* Task objective *
Would you reproduce the whole listing exactly, minus its images?

* Exercise data *
=== Section Start ===
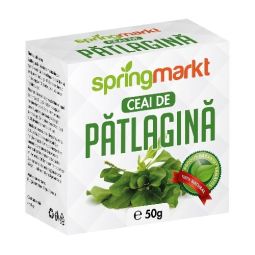 Ceai patlagina 50g - SPRINGMARKT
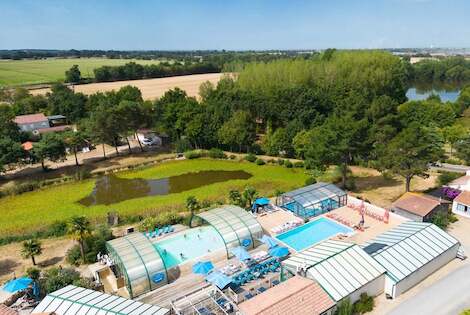 Camping Paradis la Bretonnière la_chapelleachard France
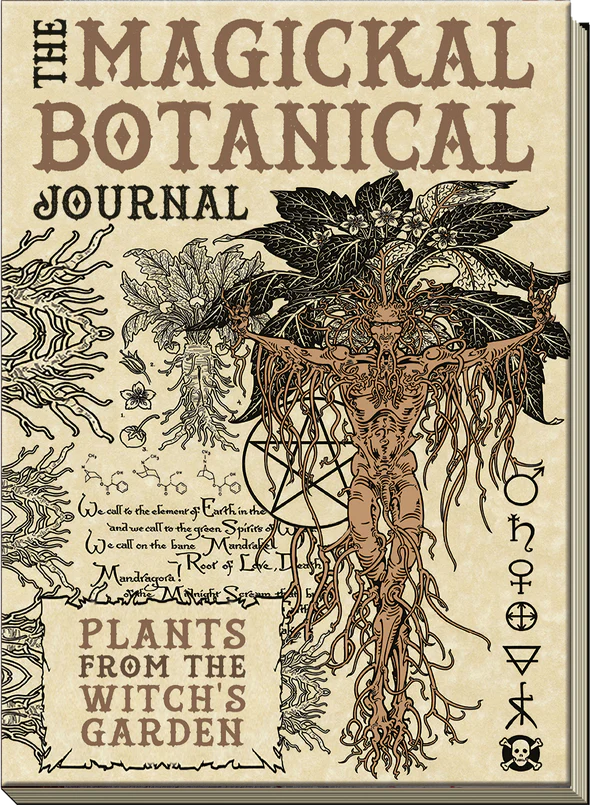 The Magickal Botanical Journal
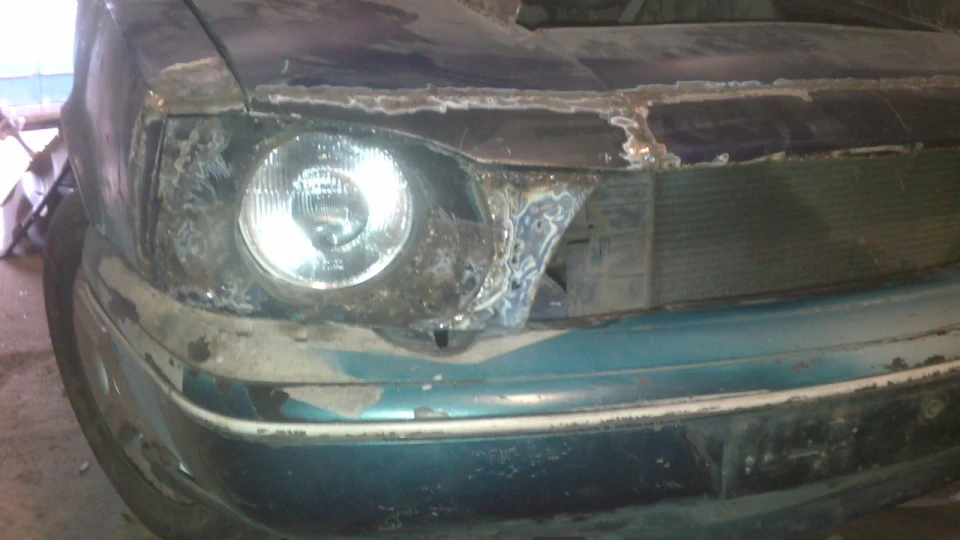 Ford Taunus 2.0i 2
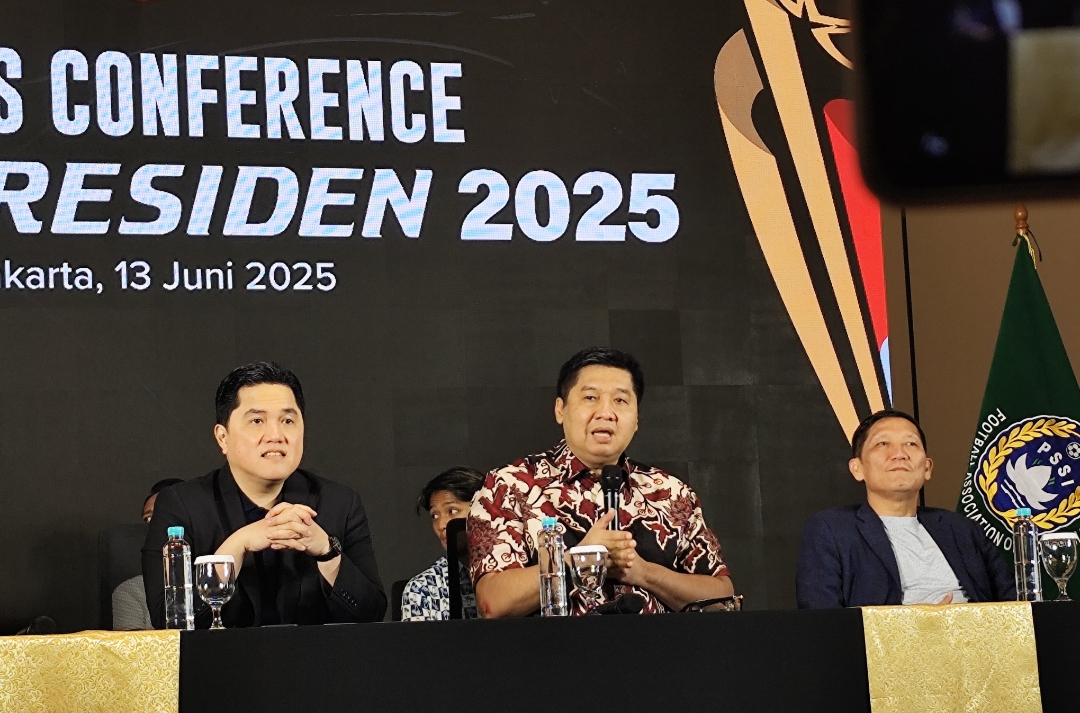Jelang Piala Presiden 2025, Intip Kriteria Pemain Tim Indonesia All-Star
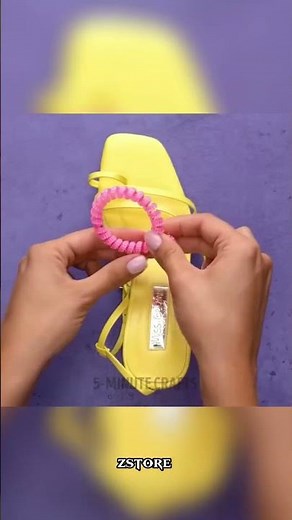 Smart Shoe Hacks You Can Try at Home #trendingshorts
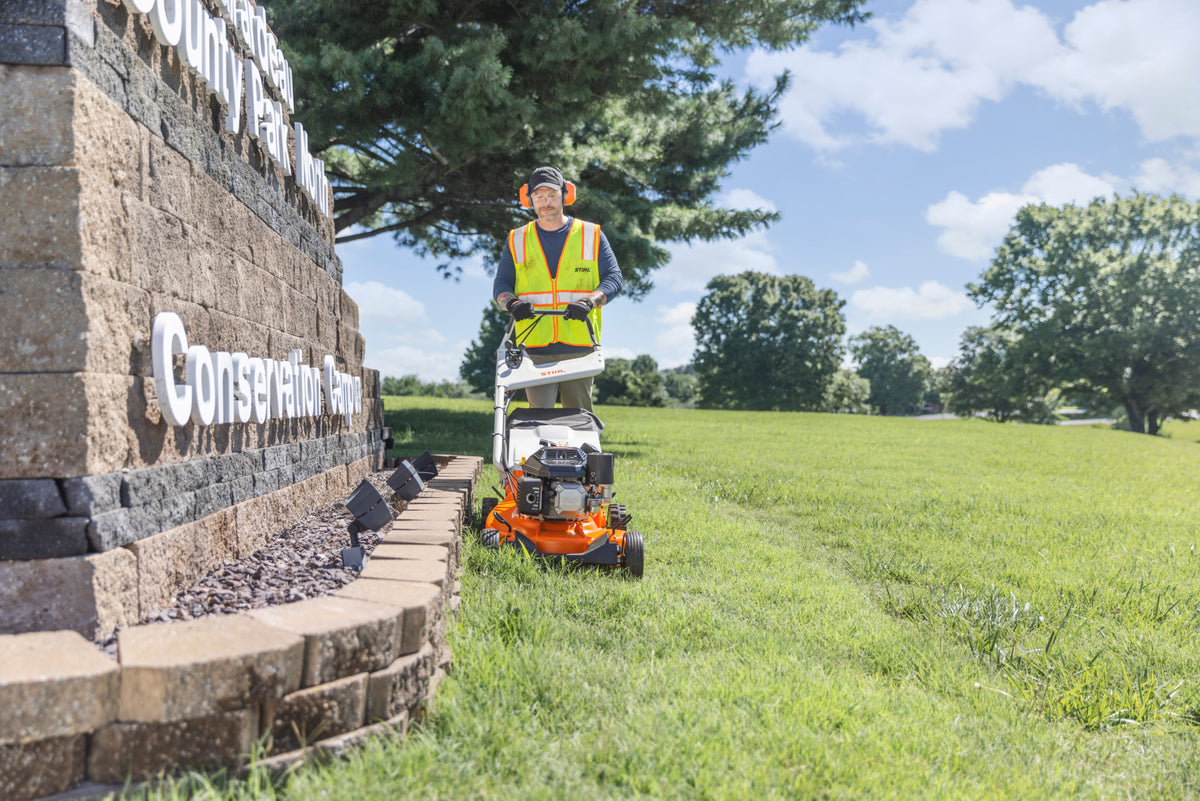 Stihl RM 756 YC Gas Lawn Mower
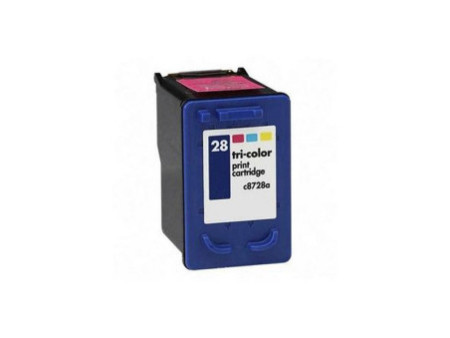 Cartouche compatible HP 28 Couleur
=== Section End ===
* Reply *
 Ceai patlagina 50g - SPRINGMARKT
 Camping Paradis la Bretonnière la_chapelleachard France
 The Magickal Botanical Journal
 Ford Taunus 2.0i 2
Jelang Piala Presiden 2025, Intip Kriteria Pemain Tim Indonesia All-Star
 Smart Shoe Hacks You Can Try at Home #trendingshorts
 Stihl RM 756 YC Gas Lawn Mower
 Cartouche compatible HP 28 Couleur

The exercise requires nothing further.